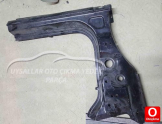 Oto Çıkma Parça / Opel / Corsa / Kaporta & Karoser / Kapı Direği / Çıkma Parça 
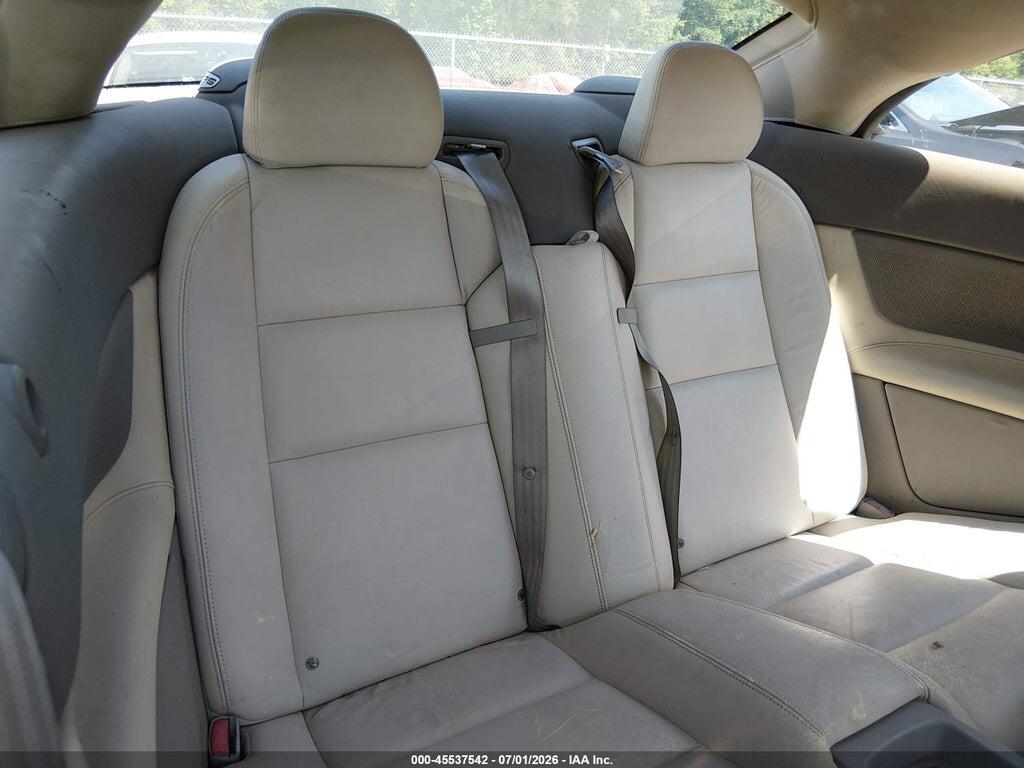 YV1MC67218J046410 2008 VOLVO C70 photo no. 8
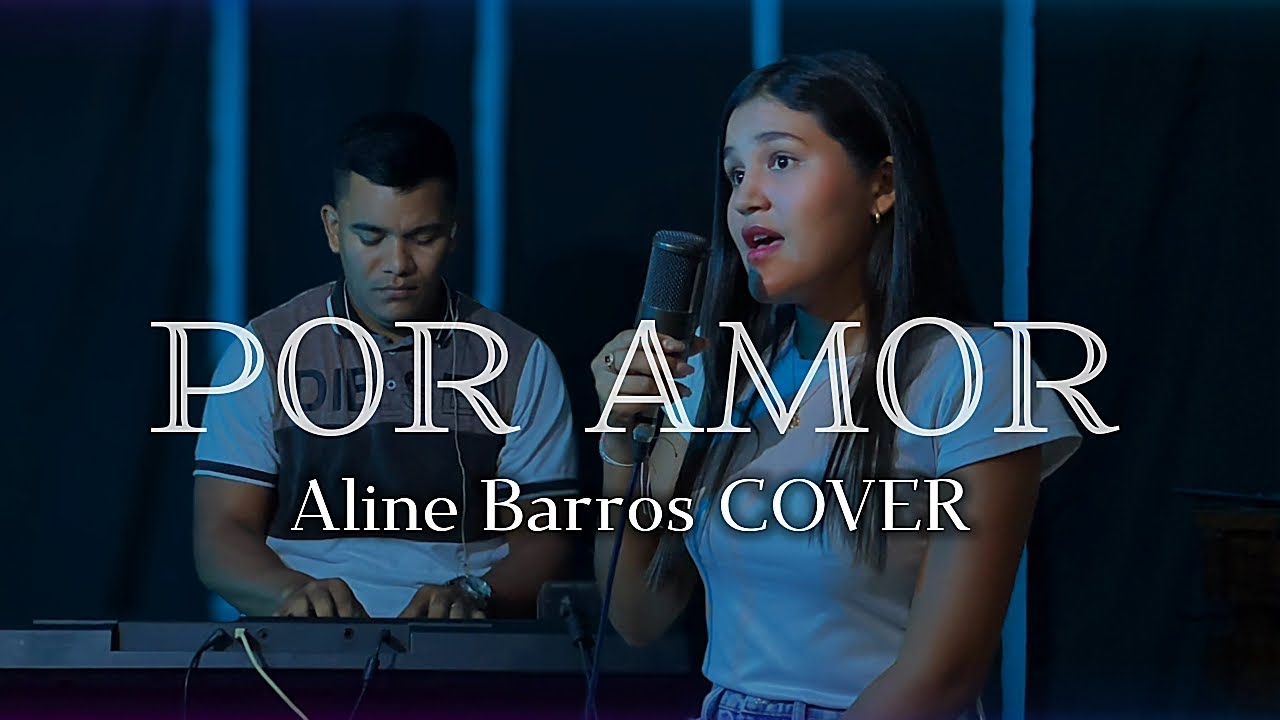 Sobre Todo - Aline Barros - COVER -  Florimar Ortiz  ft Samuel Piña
::::::::
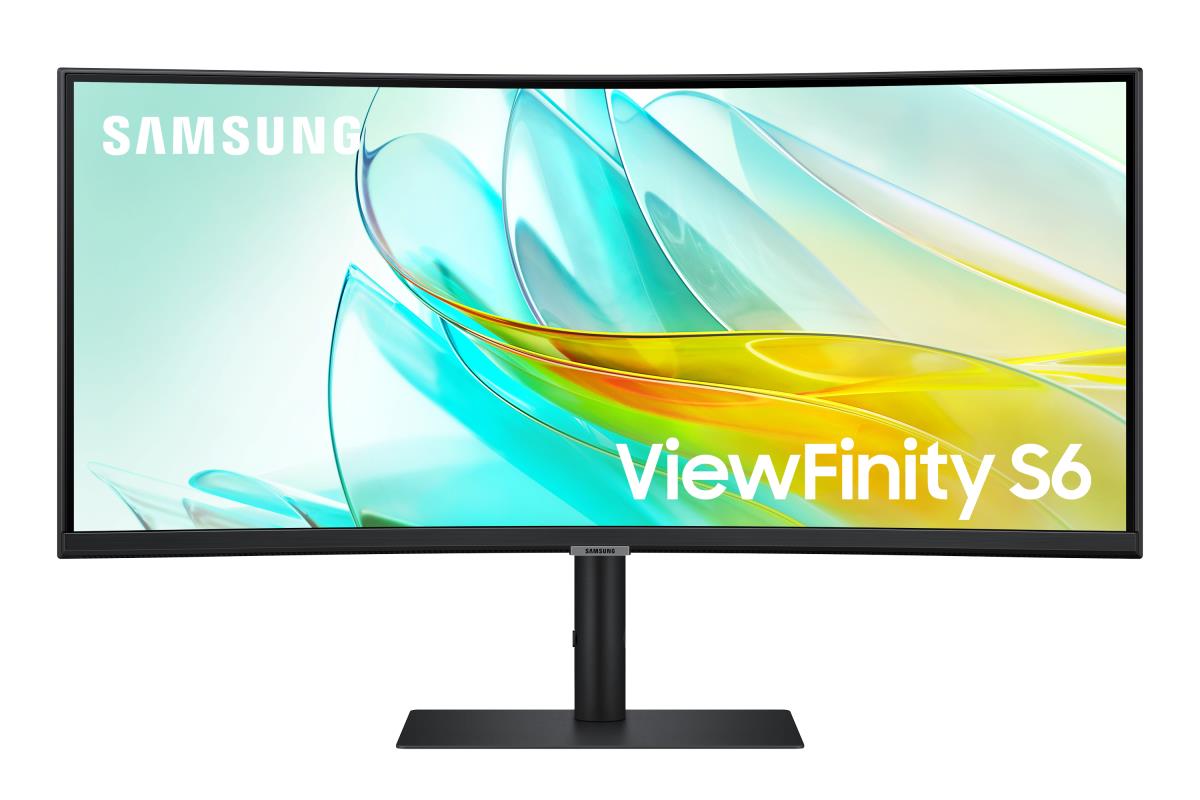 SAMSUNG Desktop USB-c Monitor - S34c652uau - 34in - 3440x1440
::::::::
_Task to carry out_. Could the stretch from the line with "Oto Çıkma Parça" through the line with "Sobre Todo - Aline" in the listing above be restated word for word, minus the pictures?

_Solution to this problem_.
 Oto Çıkma Parça / Opel / Corsa / Kaporta & Karoser / Kapı Direği / Çıkma Parça 
 YV1MC67218J046410 2008 VOLVO C70 photo no. 8
 Sobre Todo - Aline Barros - COVER -  Florimar Ortiz  ft Samuel Piña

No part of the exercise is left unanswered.